BigEnk
1/4/2025
A muddled and messy showing from Gotlieb. Sunburst takes place after some sort of nuclear disaster, where radiation has killed off a lot of the older generation, whose surviving children are sometimes left with latent psychic, teleportation, or other superhero powers. These children are rounded up by a government-esque group that locks them in a force field where they can't escape. Shandy, a child that is immune to psychic powers, is eventually rounded up by the government and taken to the facilitate, where she tries to understand her place in freeing the tortured group of children.
If Gotlieb does something well, it's writing characters with emotion. The children in this story are very much people with valid concerns and believable emotions. Certainly for the time, Gotlieb also writes women well, and portrays youth as persons capable of immense mental and emotional strength.
Unfortunately, Gotlieb does a lot more telling than showing. There are many sections of lengthy exposition where the history of the world, the way that powers work, and the government agency are all explained dryly. The limited amount of action that's written here is a jumbled mess that's both confusing and off putting. The prose is at best passable, with no real sense of mastery or artistry to the writing. Overall it just feels like it was written by an amateur.
What's really cringey though is the horribly outdated sociology/psychology that Gotlieb uses as an explanation for why children and delinquents are the only ones to have psi powers:
"Their minds are organized more primitively".

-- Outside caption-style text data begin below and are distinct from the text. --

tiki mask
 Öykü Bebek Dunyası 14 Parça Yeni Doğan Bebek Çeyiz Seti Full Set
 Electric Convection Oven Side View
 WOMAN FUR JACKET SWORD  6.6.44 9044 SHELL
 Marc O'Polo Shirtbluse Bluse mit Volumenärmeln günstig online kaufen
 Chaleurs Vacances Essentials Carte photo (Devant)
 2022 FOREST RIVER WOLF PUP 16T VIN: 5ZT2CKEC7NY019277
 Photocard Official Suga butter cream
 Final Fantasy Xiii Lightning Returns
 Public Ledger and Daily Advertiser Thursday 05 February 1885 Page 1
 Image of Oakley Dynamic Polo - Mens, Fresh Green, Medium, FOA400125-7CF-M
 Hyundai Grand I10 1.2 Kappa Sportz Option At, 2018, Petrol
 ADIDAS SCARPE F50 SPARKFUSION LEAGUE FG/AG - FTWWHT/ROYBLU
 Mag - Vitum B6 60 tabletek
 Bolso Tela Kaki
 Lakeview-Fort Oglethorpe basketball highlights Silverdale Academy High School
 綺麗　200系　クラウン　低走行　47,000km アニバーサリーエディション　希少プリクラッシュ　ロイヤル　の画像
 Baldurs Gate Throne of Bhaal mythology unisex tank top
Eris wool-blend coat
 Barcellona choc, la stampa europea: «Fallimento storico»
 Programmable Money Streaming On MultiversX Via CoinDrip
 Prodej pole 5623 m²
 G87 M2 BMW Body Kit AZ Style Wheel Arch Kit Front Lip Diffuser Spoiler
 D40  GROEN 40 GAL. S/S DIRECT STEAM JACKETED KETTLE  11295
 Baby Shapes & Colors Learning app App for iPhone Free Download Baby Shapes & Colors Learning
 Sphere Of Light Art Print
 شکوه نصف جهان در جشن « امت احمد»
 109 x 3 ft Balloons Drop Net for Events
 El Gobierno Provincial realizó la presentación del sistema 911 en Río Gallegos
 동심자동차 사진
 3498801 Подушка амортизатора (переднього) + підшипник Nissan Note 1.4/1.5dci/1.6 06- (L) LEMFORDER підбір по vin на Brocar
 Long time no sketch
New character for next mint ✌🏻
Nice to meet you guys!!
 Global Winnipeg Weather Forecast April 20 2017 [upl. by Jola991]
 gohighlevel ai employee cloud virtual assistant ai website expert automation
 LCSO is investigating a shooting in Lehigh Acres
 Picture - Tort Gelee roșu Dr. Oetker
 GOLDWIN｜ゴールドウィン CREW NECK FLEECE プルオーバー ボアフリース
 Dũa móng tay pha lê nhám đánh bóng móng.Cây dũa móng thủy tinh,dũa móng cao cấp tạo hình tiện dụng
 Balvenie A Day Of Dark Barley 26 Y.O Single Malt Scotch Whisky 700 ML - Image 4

"Most come from families without very strong morals - often immigrants".
"I think these kinds of shirtless helpless people could be a cause of poverty too."
Yeesh. Sort of out of the blue, Gotlieb starts having her main character, a child, go on long expositional diatribes about what a nuisance these kids are, and how their minds are close to that of animals. I don't know if mental illness was really thought of this way in the 60's, but Jesus, even if it was this ages so poorly as to be almost comical. Regardless of the few positive qualities in Sunburst, this turn towards the end of the novel casts a dim shadow over my opinion of it.
Mediocre, forgettable, and sometimes distasteful. I'm glad I only paid a dollar for it, and back to some used bookstore's stack of pulp paperbacks it will go.